The researchers are investigating the health and other impacts of the New York City (NYC) Schoolyards to Playgrounds (S2P) program, a partnership between the NYC Departments of Education and Parks and the Trust for Public Land (TPL), that renovates and opens schoolyards to the public as playgrounds. They aim to measure the impact of the program on the academic performance and health of NYC students and to assess differential impact based on level of investment.
Do green playground renovations:
- Impact health outcomes and academic performance in NYC students?;
- Mitigate exposures to air pollution, noise, and temperature?; and/or
- Impact community-level health and safety outcomes?
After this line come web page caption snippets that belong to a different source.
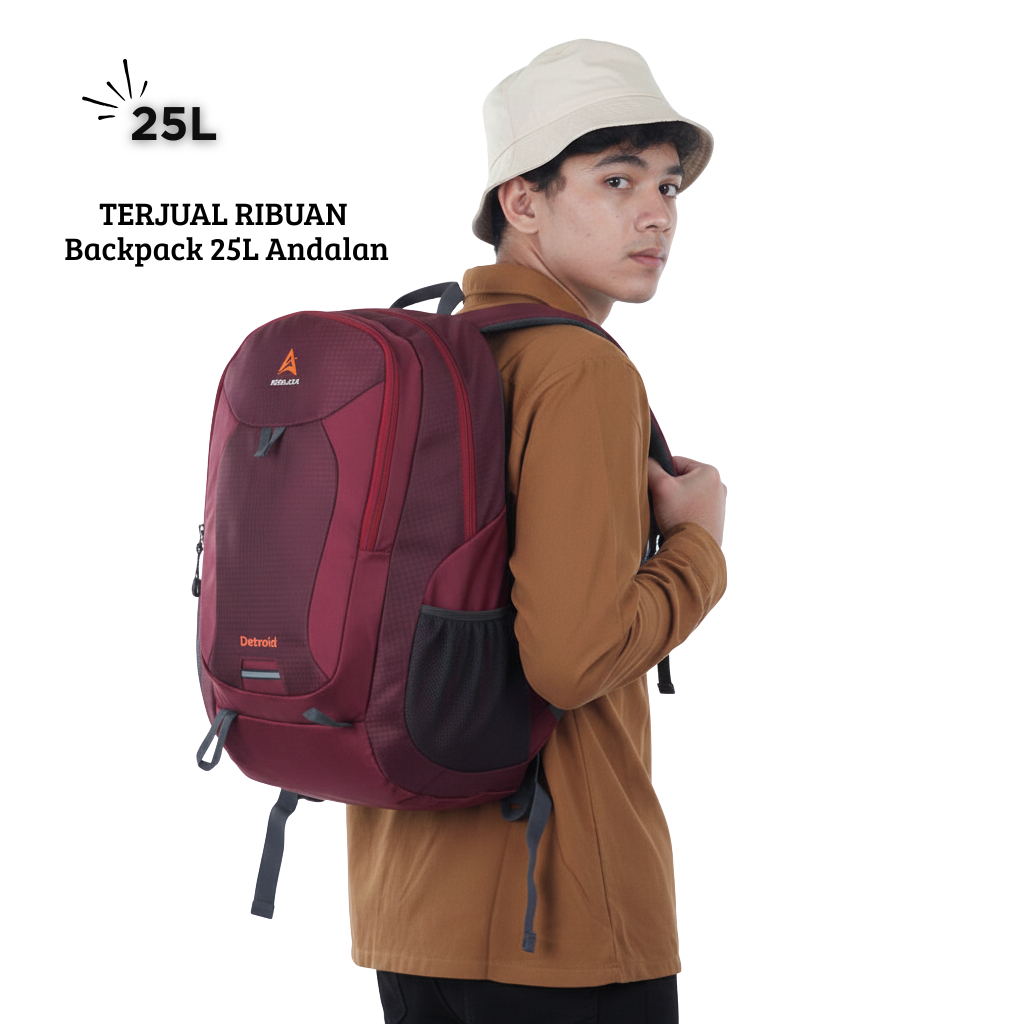 Backpack Pria Distro Tas Ransel Traveling Daypack 25 Liter Backpack Sekolah Kuliah 795
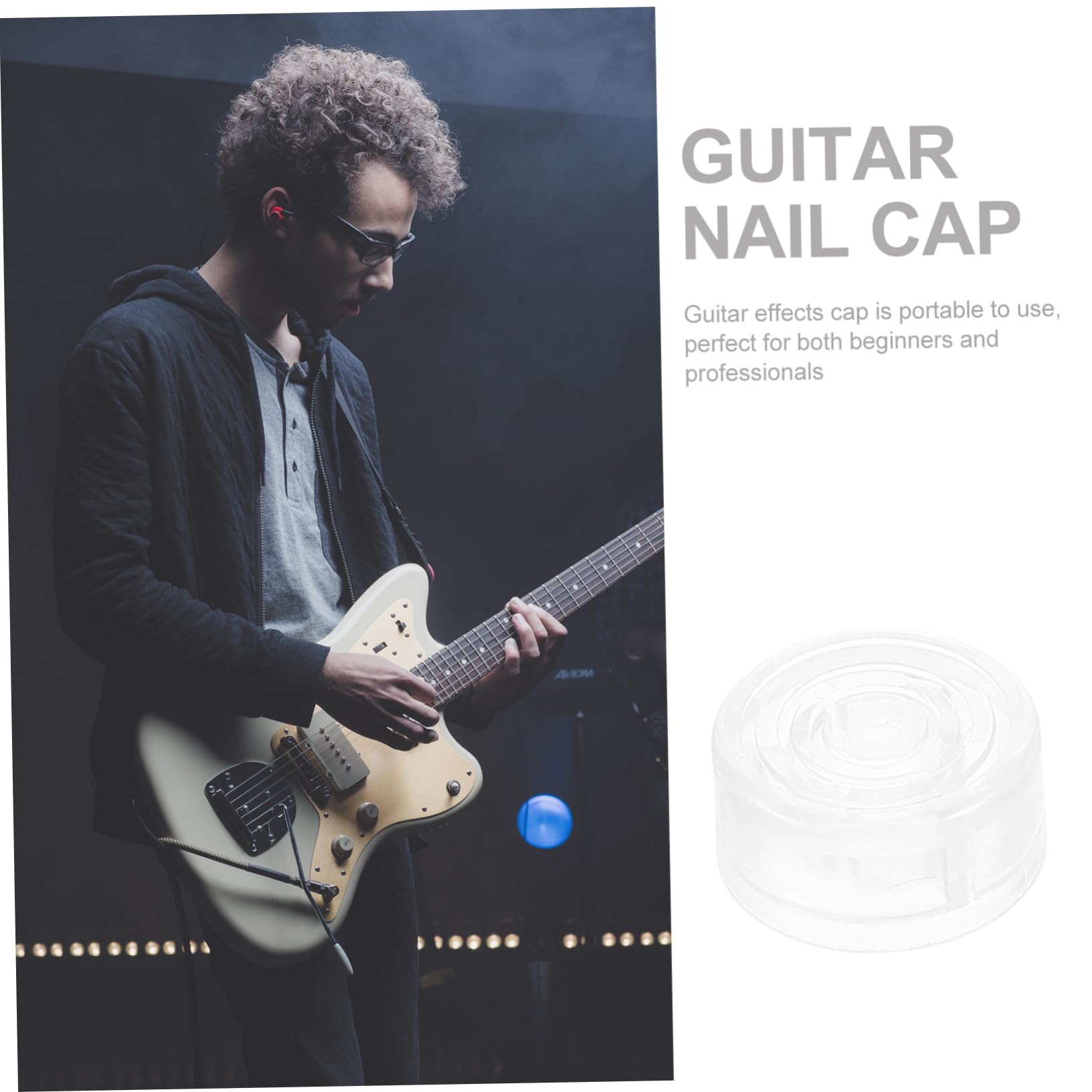 OFFSCH Guitar Accessories 8pc Electric Guitar Footswitch Cap Pedal Cap for 's Essential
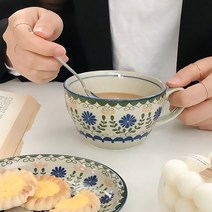 데이즈룸 플로랄 가든 라떼잔 320ml 2P세트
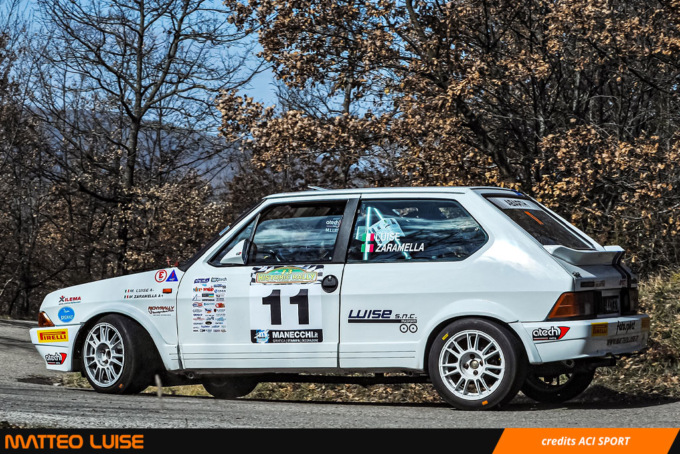 Matteo Luise si prepara al Rally Costa Smeralda Storico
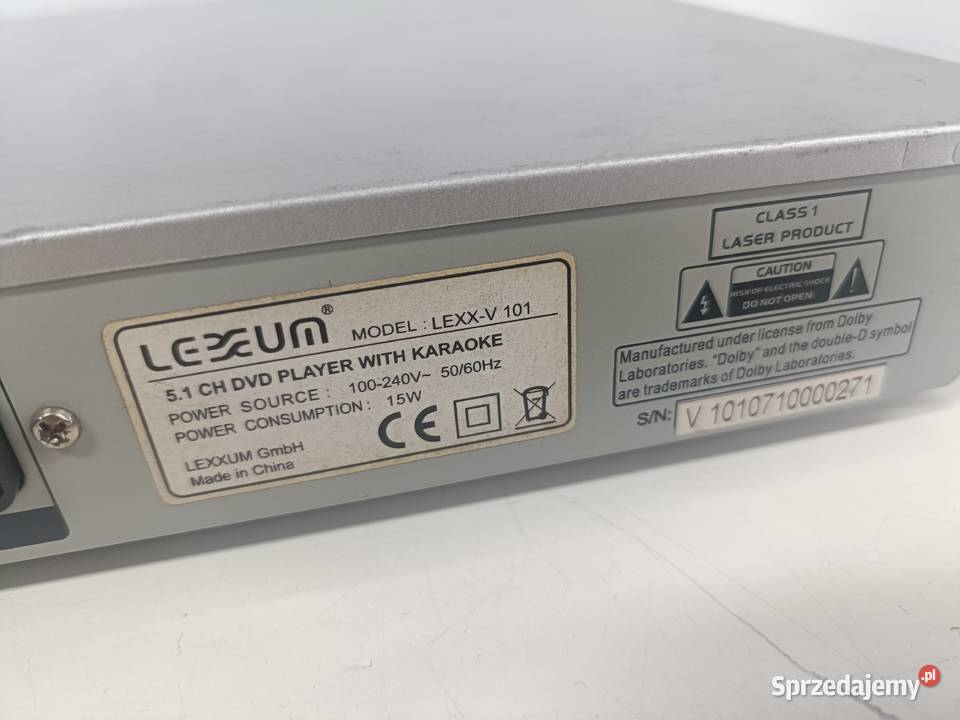 Odtwarzacz DVD LEXUM LEXV 101 Poznań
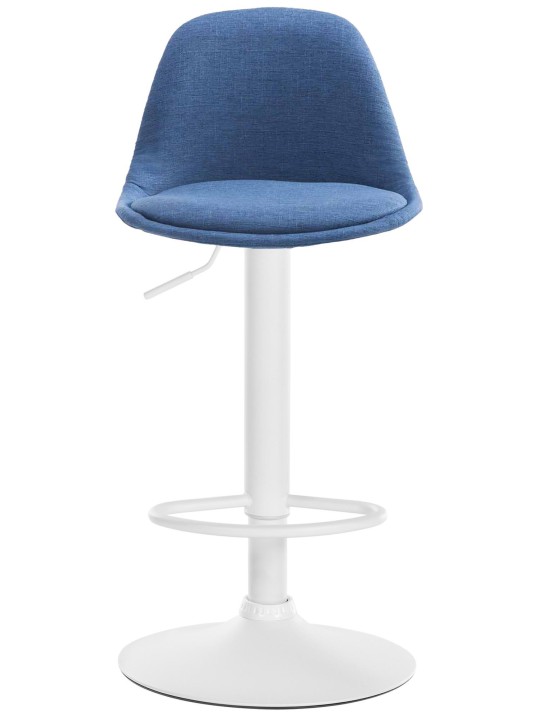 Banqueta alta tecido Kiel, azul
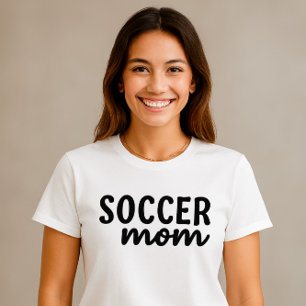 Soccer Mom Shirt – Simple Script Design with Heart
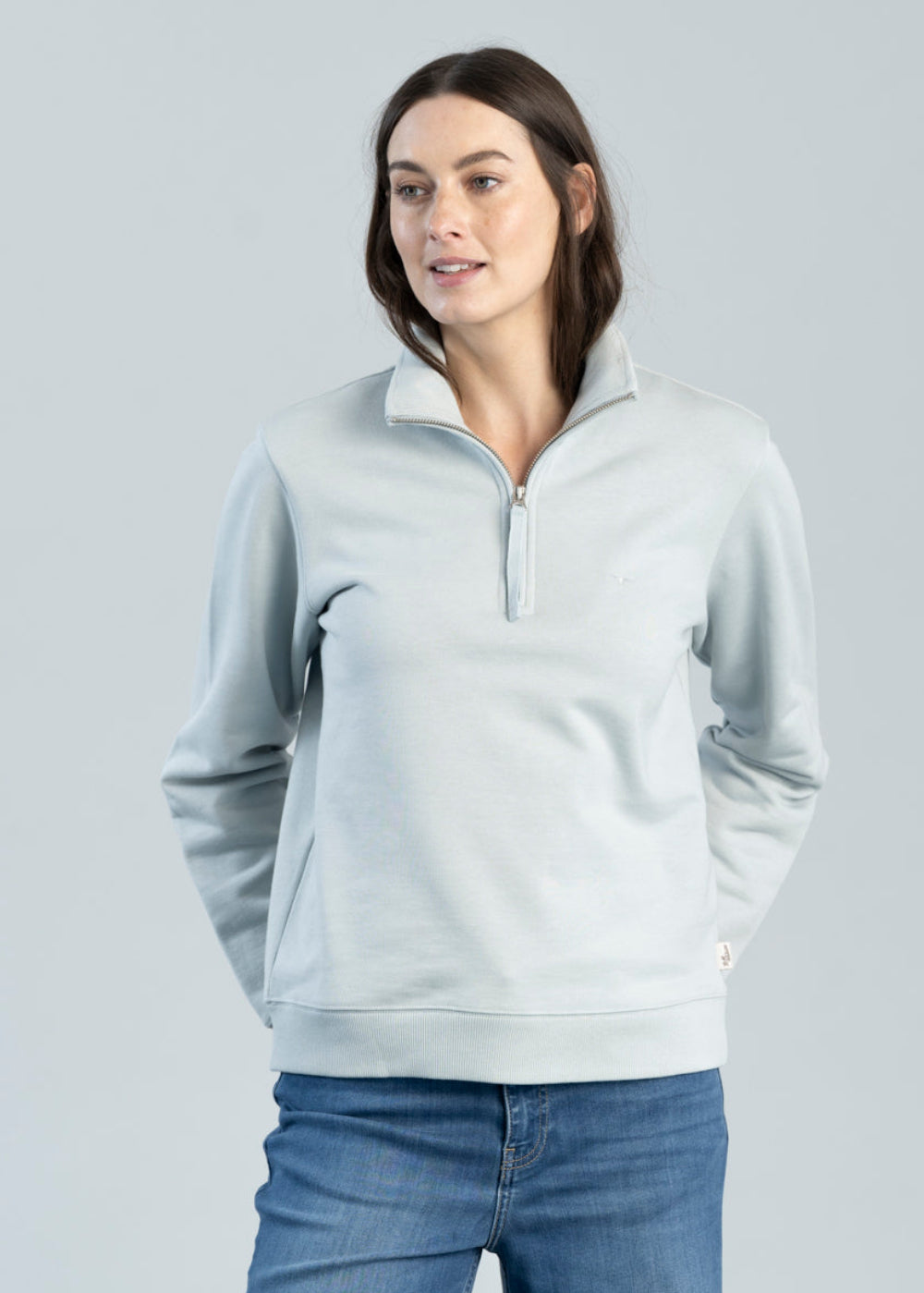 Trickett Zip Neck Sweatshirt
- Inform policies that promote greenspace and playground access for students and community members
- Allow municipalities and school districts to better weigh the costs and benefits to compare between policy alternatives when faced with limited resources
- Aid in optimizing future siting locations for green playground renovations and improving designs to maximize the return on future investments
Health & Wellbeing: Student-level fitness data (physical fitness, body mass index) and respiratory health (allergies and asthma); community health (annual hospitalization rates)
Other: Student-level academic performance (test scores, absenteeism, graduation rates); air pollution, noise, and temperature; community safety (crime rates)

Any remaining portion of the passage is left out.